(Instructions for the task): Return the material below exactly, but only from the line with "В Нью-Йорке вертолет упал в реку Гудзон" through the line with "Athleta Mesh Racer", and without its pictures.

(Supplied data):
——

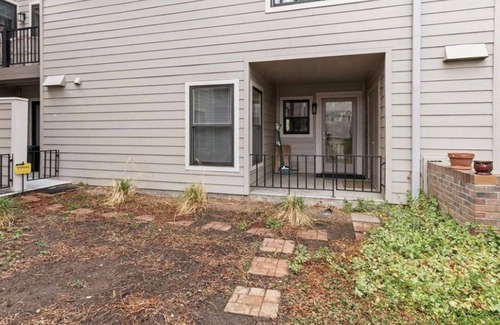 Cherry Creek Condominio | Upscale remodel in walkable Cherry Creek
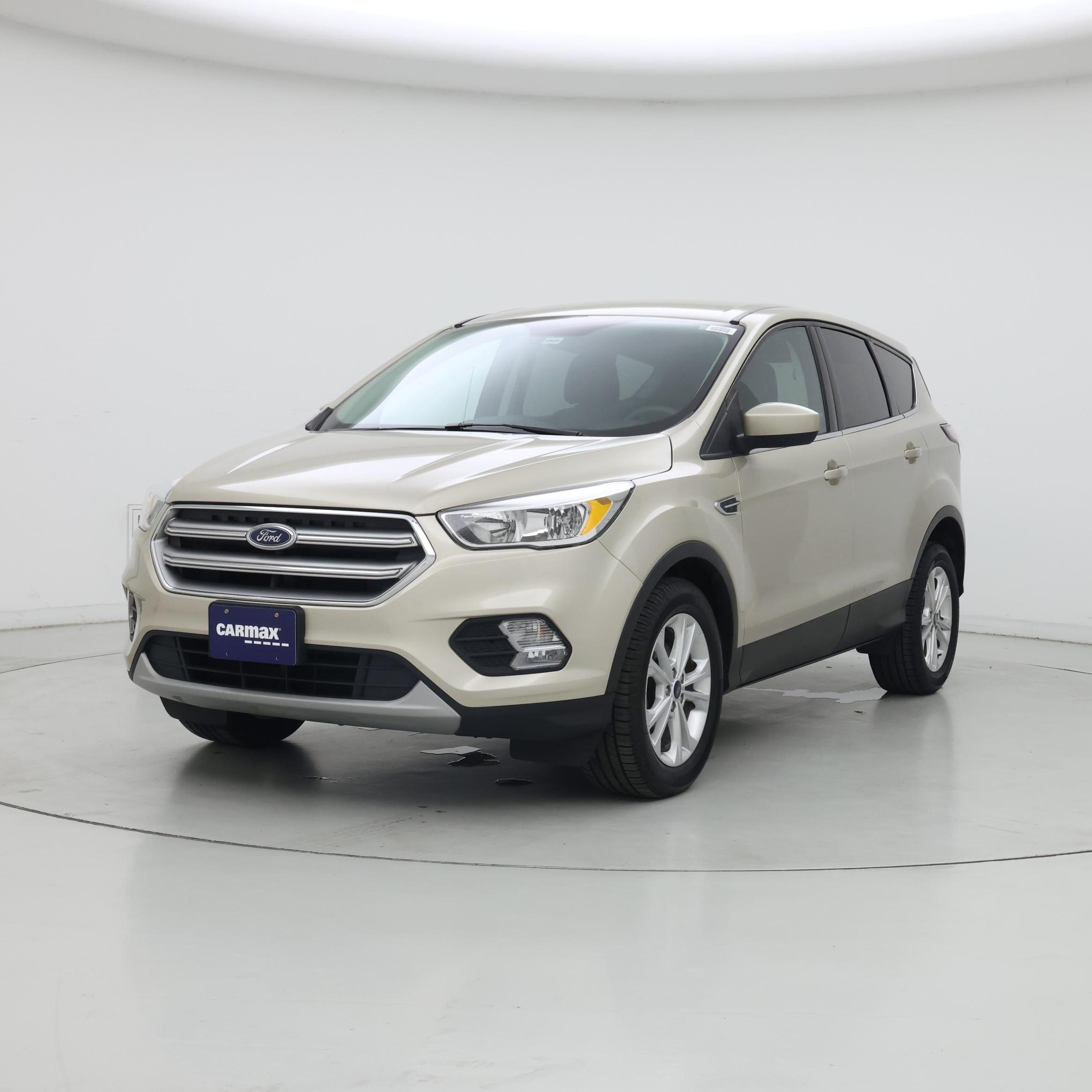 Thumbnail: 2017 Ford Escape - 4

——

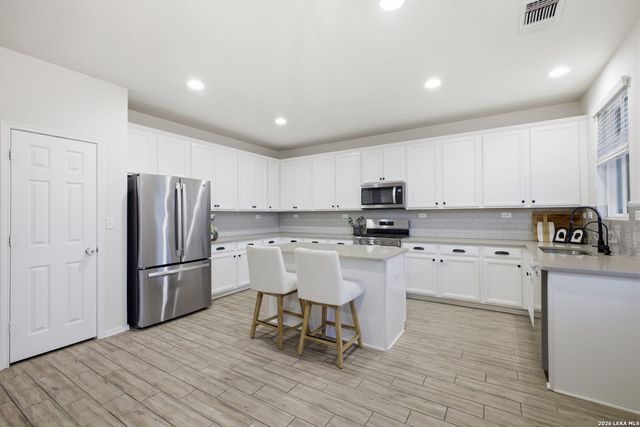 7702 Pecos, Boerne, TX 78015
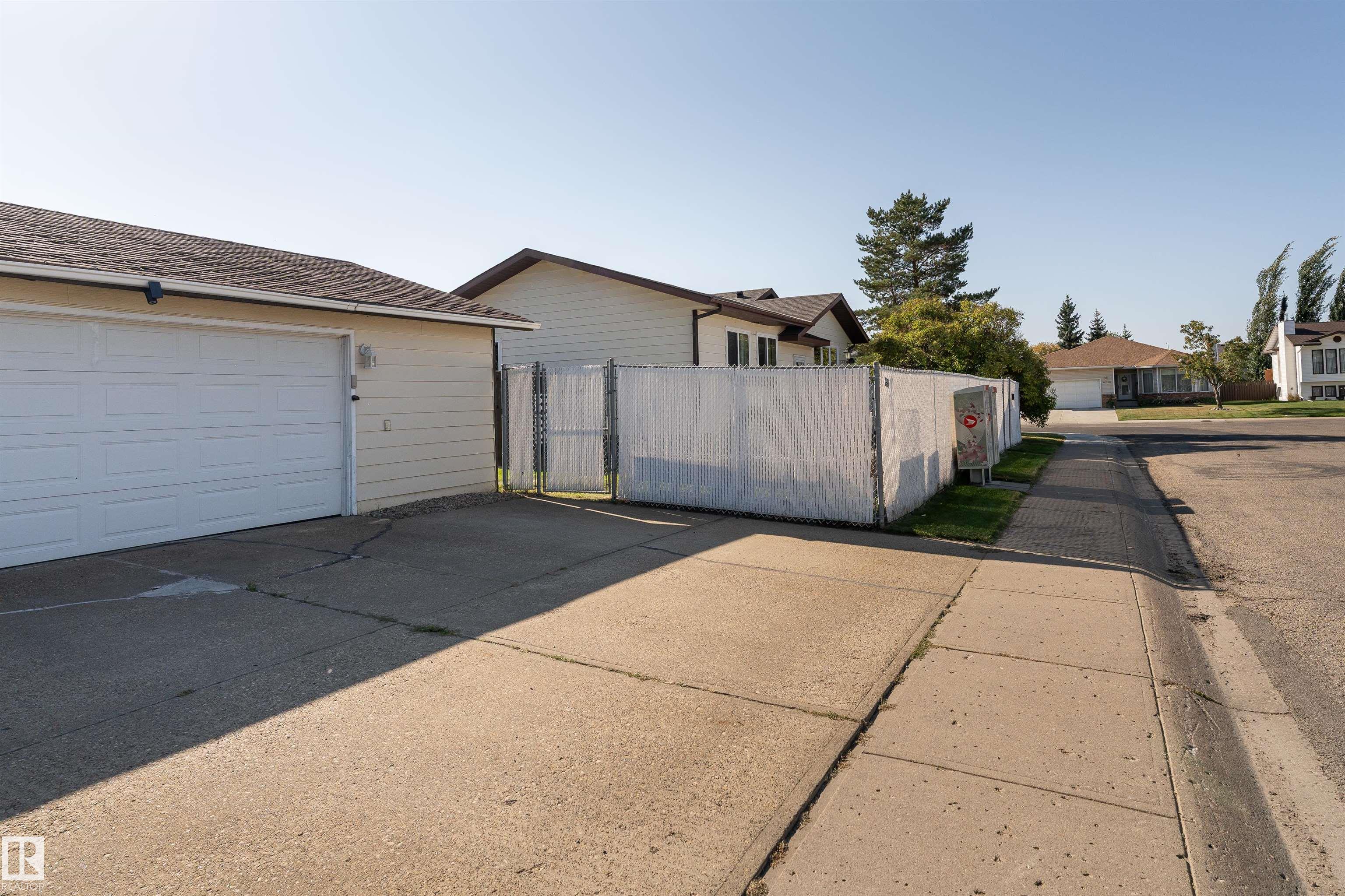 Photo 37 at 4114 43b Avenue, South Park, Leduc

——

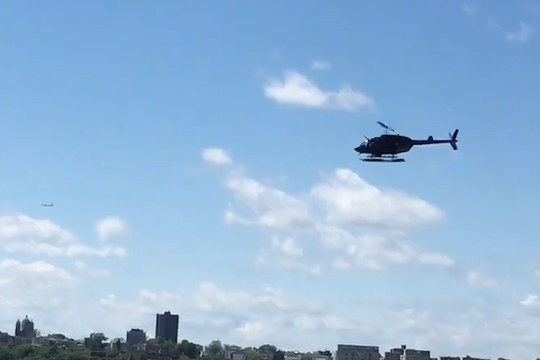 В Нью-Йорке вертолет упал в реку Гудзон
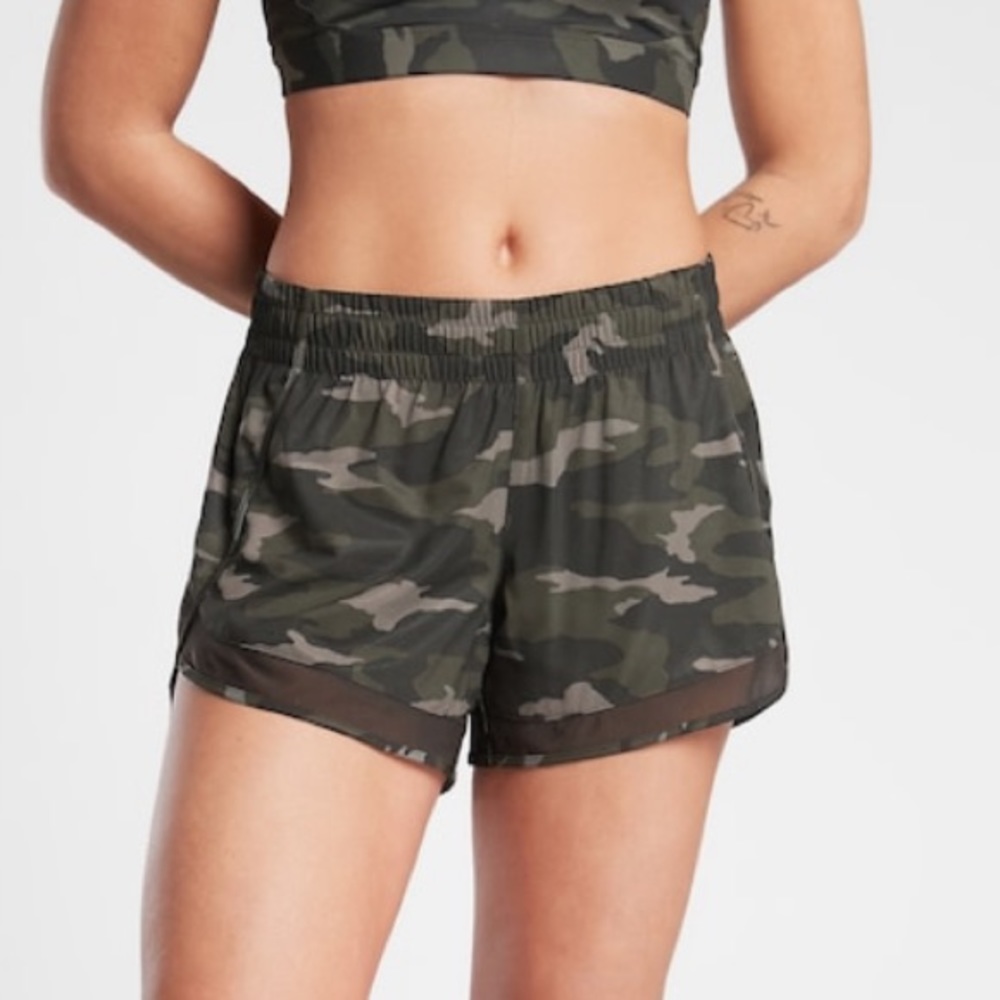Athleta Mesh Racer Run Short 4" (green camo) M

——

(Task result):
 В Нью-Йорке вертолет упал в реку Гудзон
Athleta Mesh Racer Run Short 4" (green camo) M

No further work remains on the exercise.